[Data-modeling] Types (was Astronomy: CelestialObjects...)

John Giannandrea jg at metaweb.com
Tue May 6 06:49:06 UTC 2008


Danny wrote:
> BTW, I think this point is connected to Jeff's comment about Types.
> Types don't really mean anything except to the degree that they are
> different collection of properties. We should not try use Types to
> create classes.

At the risk of prolonging the thread....

Types are more than just collections of properties.  There is a  
property (/type/object/type) which asserts that a specific object is  
an instance one or more types.  Everything is an object, and some  
things have the additional assertions that their /type/object/type is / 
common/topic or /baseball/baseball_player.  Making this assertion is  
saying something, that this object is in that set, that it has the  
semantic meaning of membership in that set.   Some systems call this  
'kinds' or 'classes'.   The property is not unique, you can have an  
object that is in many sets at once, such as /people/person and / 
baseball/baseball_player.

Further, a type itself (not the instance of the type) specifies a set  
of properties.  The expectation is that things "of that type" might  
have one or more assertions which are instances of those properties.    
It seems useful to group them in this way because one can query the  
type schema to find out what kinds of things might be available to  
query and constrain on, such as date_of_birth.  In fact several apps  
that third parties have written do exactly that introspection.
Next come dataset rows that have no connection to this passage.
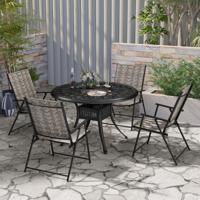 Set van 2 Opvouwbare Terrasstoelen Draagbare Tuinstoelen met Metalen Frame voor Tuin Achtertuin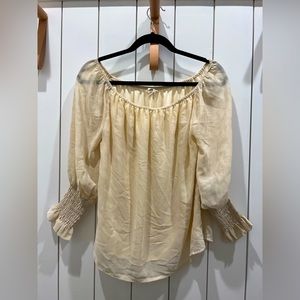 Entro blouse with ruffle sleeves. Adorable! And a subtle print.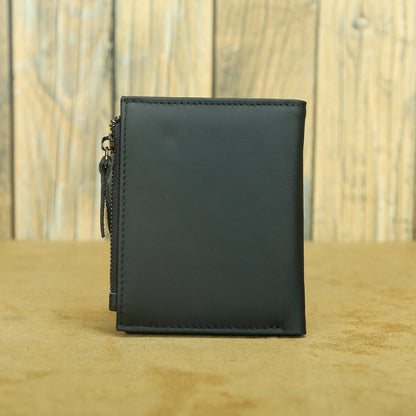 Shikangxin Vintage Genuine Leather Wallet Men's Short Wallet Multifunctional Zipper Bag Casual Oil Wax Cowhide Wallet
The type system is not normative.  You do not need to be a /people/ 
person to use one of the person properties.  But if we know that the  
object is a person, that fact is recorded and now you can at least  
expect that date_of_birth could be interesting for that class of  
objects.

Jeff wrote:
>
> This means that you cannot do even a simple query like
> "people born in Baltimore before 1900 and the sport they play".


We certainly could have a property called /people/person/ 
sports_played.   Or you could dispense with types altogether and just  
have /common/topic/sports_played (which would presumably never be  
asserted on a building object).    This would be very much more RDF  
like.  But it doesnt really solve the problem I think because if we  
only had /common/topic/baseball_team_played_for that still doesnt  
automatically assert the sport they played.

Knowing that baseball players have teams or that people have  
dates_of_birth is much more "object" like and allows programmers to  
approach the system without knowing there is a graph underneath.   
Almost all computer programming languages have a type system, with or  
without polymorphism.  It seems useful to be able to model and query  
data with that in mind.

Its also entirely possible to group the types and create an ontology  
overlay that knows that baseball is a kind of sport and that a  
baseball player is an agent in that game, that teams have N players  
and so on.  It seems that we know that Babe Ruth is a baseball player,  
but not that baseball players play baseball.  We do have some early  
examples of this kind of meta structure, for example /freebase/ 
type_profile/equivalent_topic.  Id be happy to see experiments with  
more, bearing in mind that we explicitly eschewed building a reasoner.